It was another road game in another world, and a storm of a different kind was swirling.
The LSU Tigers were at Texas A&M to put a wrap on the 2016 regular season. But the game on the field felt secondary to the parlor game concerning the bid to become LSU’s full-time coach.
Ed Orgeron was the incumbent of sorts, but the man tabbed to be LSU’s interim coach after Les Miles was fired four games in looked like he may have blown his chance. His six-game run started well with a 42-7 romp over Missouri — the only meeting between LSU and Mizzou since the latter joined the Southeastern Conference in 2012 before Saturday’s game. But his candidacy appeared to hit an iceberg after a 10-0 loss to Alabama and a 16-10 defeat against Florida.
While Orgeron was directing LSU to a 54-39 win over A&M, the action was focusing on Florida State coach Jimbo Fisher and Houston coach Tom Herman. Fisher was the prize that seemed to slip through LSU’s fingers at the end of the 2015 season when Miles looked as good as fired but a deal couldn’t be pulled together. Then LSU President F. King Alexander is believed to have balked at Miles’ massive buyout ($15 million) and what it would have taken to lure Fisher away from Florida State. By 2016, Fisher was a prime candidate in name only.
The focus was on Herman. There was, reportedly, an oral agreement in place between him and LSU. But Herman wanted to talk to Texas first, in his words later, his dream job. In a fit of anger, then LSU athletic director Joe Alleva turned on his heel and offered the job to Orgeron, who was of no mind to turn LSU down.
Did LSU really offer Herman the job and was he that close to taking it? Personally, I think all along Herman and his agent were using LSU to drive Texas to the bargaining table. And, it worked for Herman, who is making $6 million this season at Texas and got a contract extension in 2019 that will pay him $6.5 million in 2022 and $6.75 million in 2023.

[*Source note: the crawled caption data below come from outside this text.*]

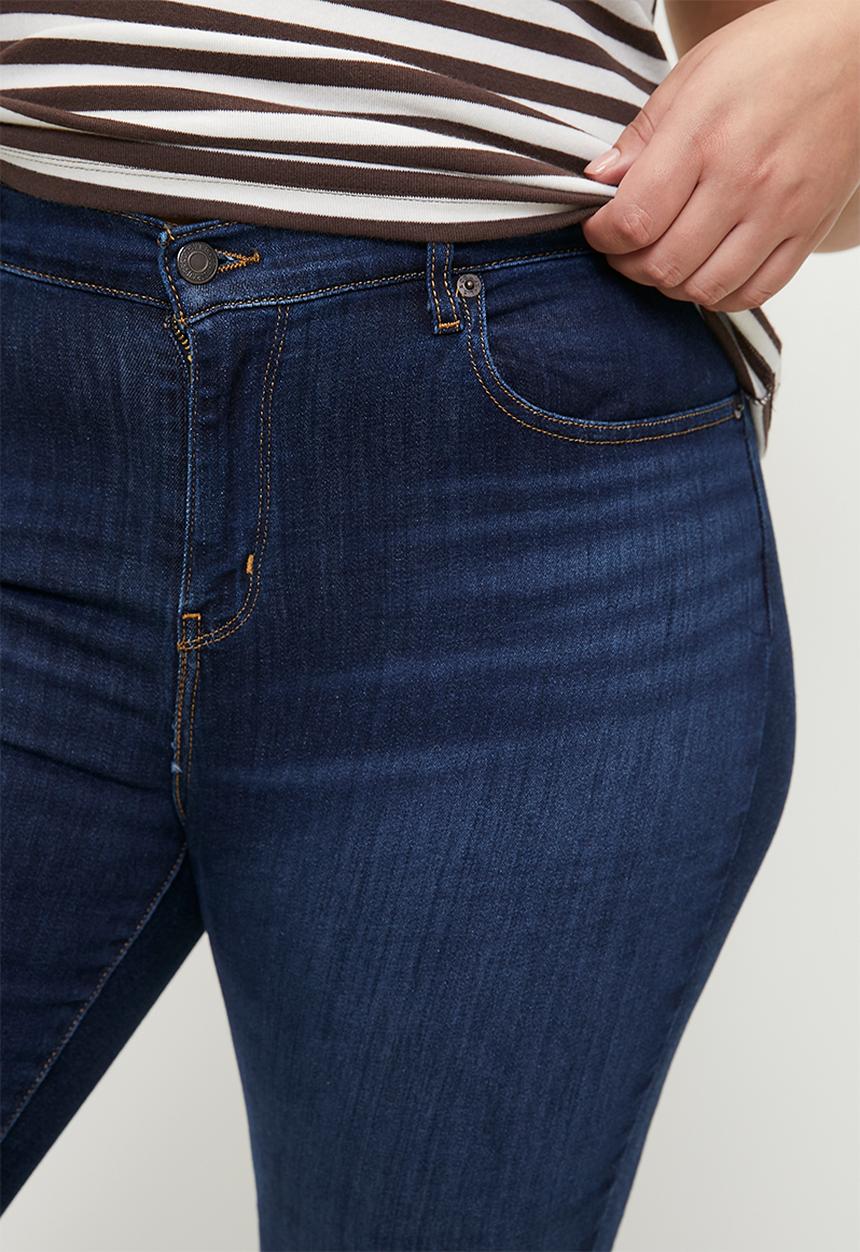 Levi’s® - Curvy High-Rise Super Skinny Jeans - Chelsea Carbon Glow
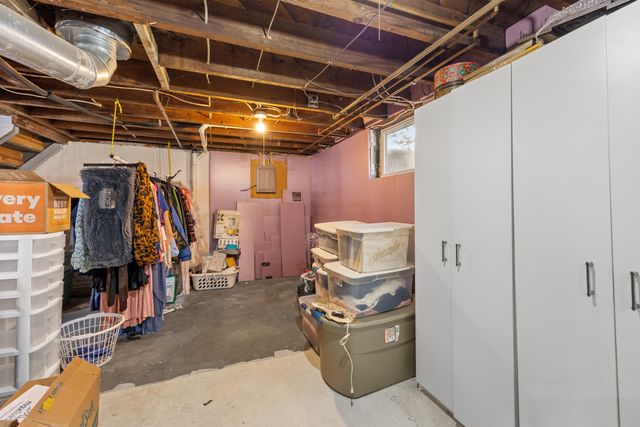 909 Slayton Avenue, Grand Haven City, MI 49417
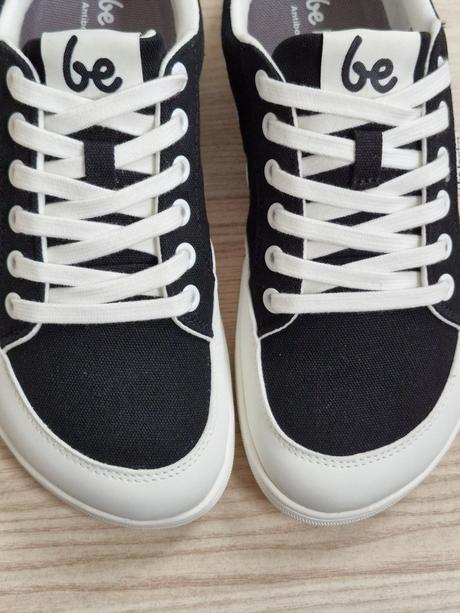 Rebound - black & white 37 y193, be lenka,37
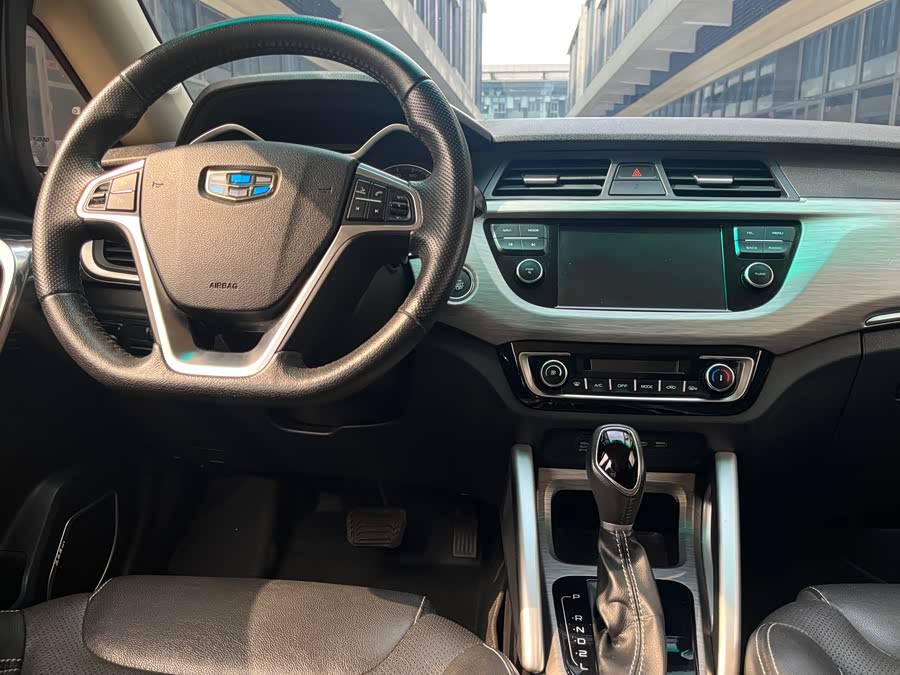 Vision X3 2018 car image #15
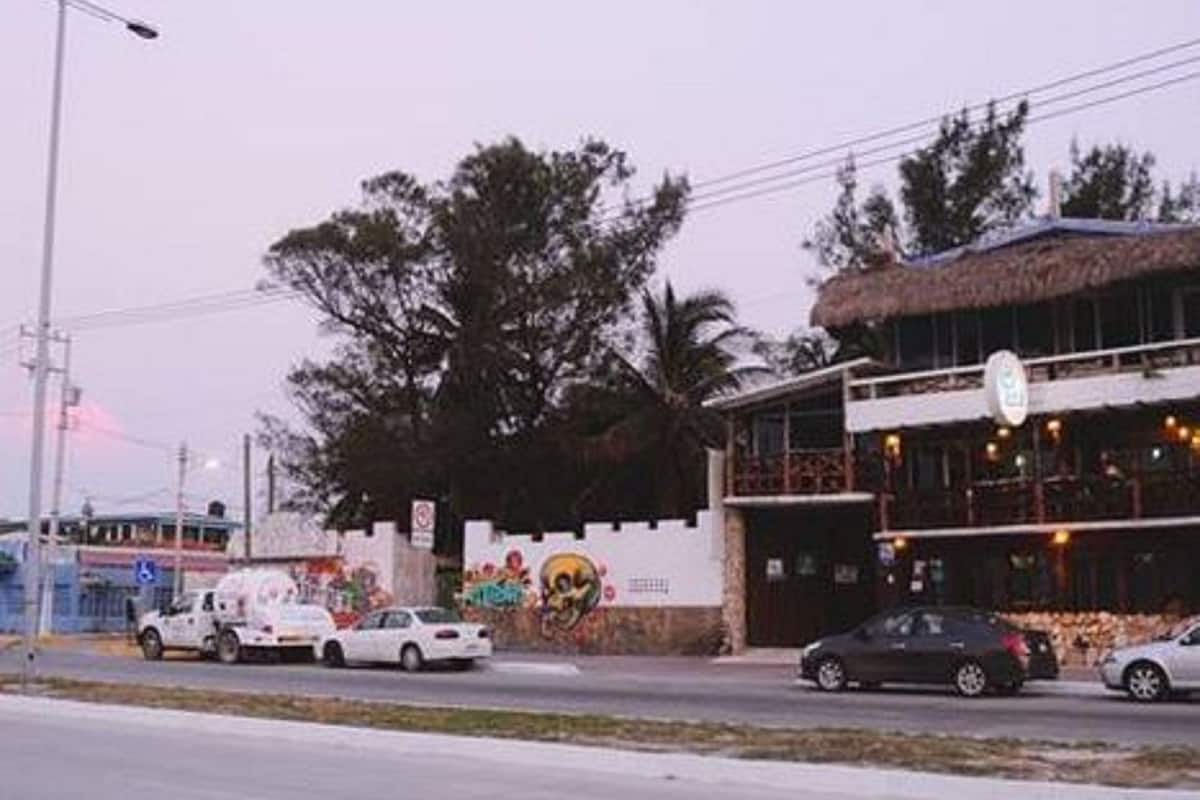 basic double room, 2 double beds | street view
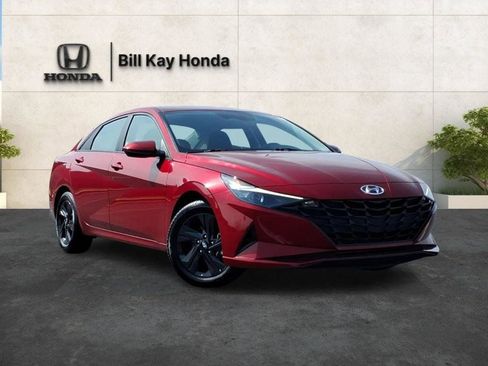 Used 2023 Hyundai Elantra SEL image 5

If he makes it that far, that is. At the moment, things aren’t going swimmingly for Herman or Fisher, who became the coach in 2018 at Texas A&M.
The Longhorns are 2-1 after lucking into a 63-56 overtime win against Texas Tech and falling to TCU 33-30 last week. The Horned Frogs for decades were a Texas punching bag, but TCU is 6-1 in the last seven meetings with the Longhorns, 3-1 against Herman.
“We’re baaack!” Texas quarterback Sam Ehlinger famously brayed after the Longhorns beat a disinterested Georgia 28-21 in the 2019 Sugar Bowl.
Hold your horses, cowboy.
Herman is 27-16 at Texas in now his fourth season. That’s a winning percentage of .628. Mack Brown, who has added a surprising new chapter onto his career at resurgent North Carolina, was 26-17 in his last 43 games at Texas before being forced out. And according to ESPN, Herman’s Texas teams are 1-11 when trailing entering the fourth quarter.
Texas is getting what it deserved, methinks, for believing it is the center of the Big 12 universe and blowing up the possibility of a Big 12 Network to have one of its own. Alabama thinks it owns the SEC, but the Crimson Tide would never have dreamt of icing out the rest of the conference for its own TV channel.
Speaking of SEC West teams, things aren’t going much better for Fisher, now at A&M.
The Aggies are 1-1 coming off a 52-24 loss at Alabama that followed an ugly 17-12 opening win at home against Vanderbilt. No sin losing to Bama. Everybody does it. But this is the year A&M is supposed to make the leap into contender status. The Aggies lost all five games they played against regular season ranked teams in 2019, and so far 2020 doesn’t look different.
Overall, Fisher’s teams are 3-8 against the ranked, having only beaten Kentucky in 2018, LSU 74-72 in seven controversial overtimes in 2018 and Oklahoma State in last year’s Texas Bowl.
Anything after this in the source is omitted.